I never checked where he was from Ken. It's a good point.

I've seen things at Harbor Freight that are the EXACT things that so called high end MFG's are selling with their names on them. For hundreds less. I'm not talking about copies, I'm talking about exact. Upon looking closer on the General website, there are only a few products that tout being made in Canada, so they must be getting imported, including this model, from somewhere.


----------



## 8iowa

Well, it wouldn't be my choice, but at least it's powered with an induction motor.


----------



## Karson

There are probably one one plant in China that make every tool. They stamp a plate on it and sell them all over.


----------



## bern92

OK guys let me help you, the brand General is made in Quebec Canada. The brand General International, witch is less expensive, is made in China but still better than all the king brand that we have in Canada. I'm a weekend woodworker and i can't buy pro-tools. I think that they are has good has what you guys have in the States under the name Grizzly, from wath i can see on their web site…..

Thanks for your comment


----------



## woodbutcher

bern92,
I'm sure that new General International drill press will out live any need you have for drilling holes accurately also! My 34year old Delta that I just recently replaced the chuck on is visibly marked on the nameplate made in Taiwan! It's been a great one, now figure this out. It's still running with the original belts, but I just replaced the chuck, go figure. I agree alot of the tools we purchase will certainly out live the weekend needs we have. My drill press has doubled as a mortising machine as well for the past few years with the Delta mortising attachment and works well that way. I am eyeing a new Steel City mortising machine right now though just to eliminate having to set the drill press up each time. bern92 if you can remember too-report back in 34yrs on how well that thing is still working. I'll be looking forward to hearing from you-LOL

Sincerely,
Ken McGinnis


----------



## RedShirt013

bern, the King Canada stuff is no good but King Industrial is worth consideration. When I checked out the King Industrial bandsaw I was quite impressed, especially for the price. Felt as solid as other brand name imports (GI, Steel City, Delta) with a decent fence to boot. Would've got that if not for lack of quick tension release and Steel City one on sale.

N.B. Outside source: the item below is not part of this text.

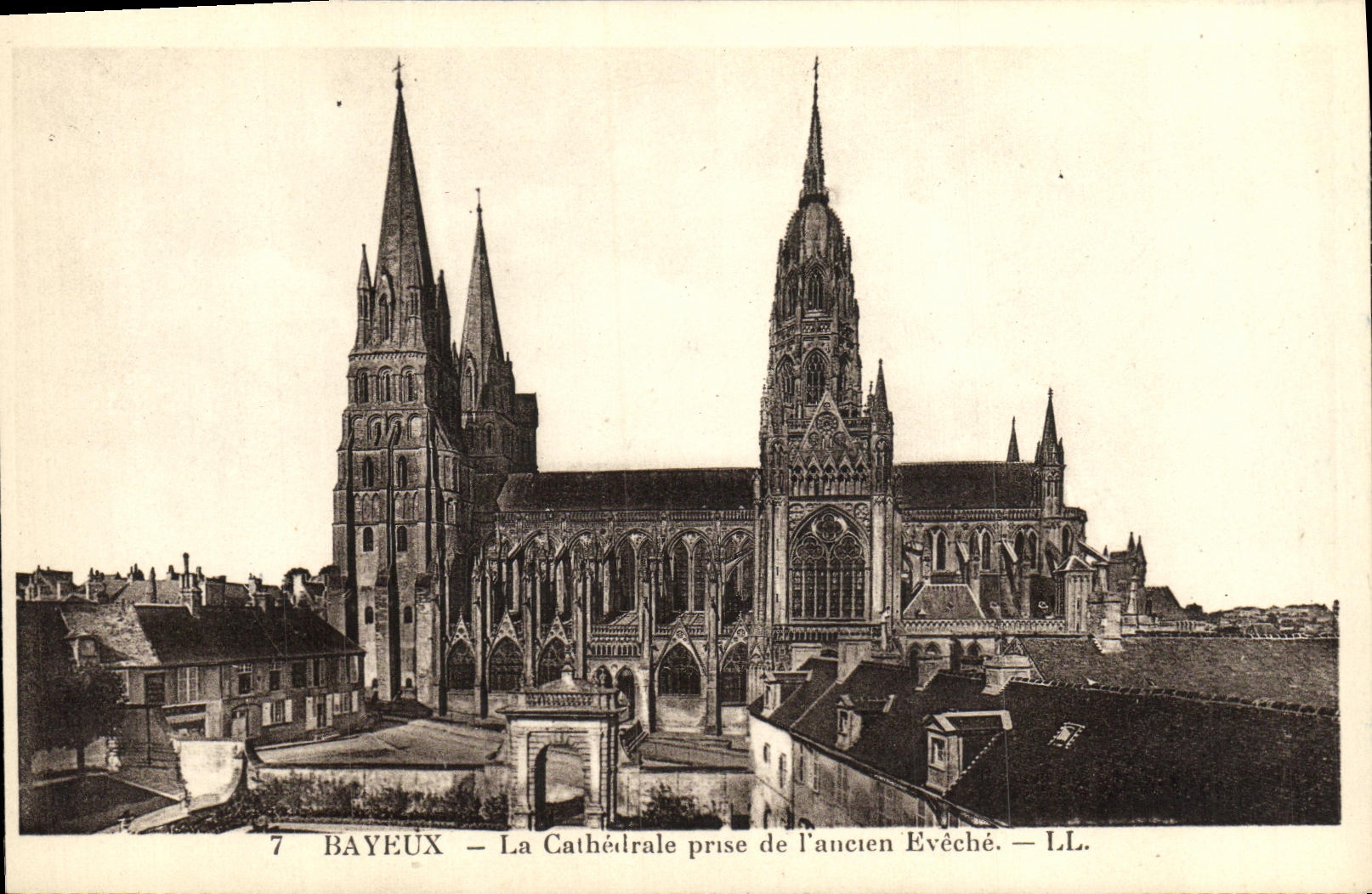 POSTAL Bayeux de la VENDIMIA la catedral tomada de L Eveche viejo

But my point being, I think the good quality controlled imports just need more time in shops for the opportunity to prove themselves. Like Ken said, 30 years later we'll be praising all the brand name Taiwan/Chinese imports still working and bashing other developing country stuff instead.


----------



## dddavid

im not sure about the difference between king Canada and King inustrial but i can tell you one thing having had my experience with king period i would advice anyone to really be carefull. For years i was dreaming of the day i would be able to afford my dream shop and be able to revive my love for woodworking. Finally the time came two years ago and being young and foulish i jumped, thinking if i dont rush in full force i may change my mind. Being a young born again woodworker,lol, with little experience i fell apon a shop that swore up and down that king was the way to go. Well close to 20,000 dollars later i had purchased any and all machiens known to man,,,,yes you guessed it all by king. 2 years later and with the knowledge of sites such as this i soon realized that good things come with patience. Just to name a few issues, my table saw came with large scratches. Kings solution was to sand them out. I did not know at the time that to remove the kind of scratches that were on my table would also cause the table not to be true. My 20" plainer went from sounding like a bee to sounding like a car without a mufler, the gears had to be replaced after 2 months of usage. My jointer never keeps square as the fence seems rather flimsy. As well these days it sound like it has a broken leg. That by the way is the sound of the belt rubing up against the frame support. Not a very good design. The band saw was to come with a tall fence for resaw, well guess what it was on backorder and after numerous calls to king and almost eight months later i finally received it. I started to think that i was just hard to please. You want to talk about poor service. In any case there is always a good thing come out of bad. I learnt to slow things down. Take my time in decision making and enjoy the process. I will likley replace some of these items over time , the hard thing about selling this product is i dont have the heart to dump this stuff on anyone. In all the reviews that i have read in the past two years today was the first time i came across someone else bringing up king. I could not help myself and well if i can stop someone from making the same mistake as i did well i had to say something. By the way as far as General goes ,,,,,,,,,General Canada is known for amazing high quality. The General tools made in Quebec, i believe you could equate to PM of the states. general international is less expensive but not too bad for quality, certainly better than king.


----------



## dddavid

I did not mention. I want to say to all you guys on this site. It is a pleasure to read your reviews. As well i enjoy seeing the friendly nature you guys seem to be with each other. All seem to really love woodworking almost as much as i do,,,,,lol. Sharing the love of an art form. Im glad i joined.


----------



## michaelsgarage

i have the same one, its great! but im pretty unhappy with the belt tensioners…they suck


----------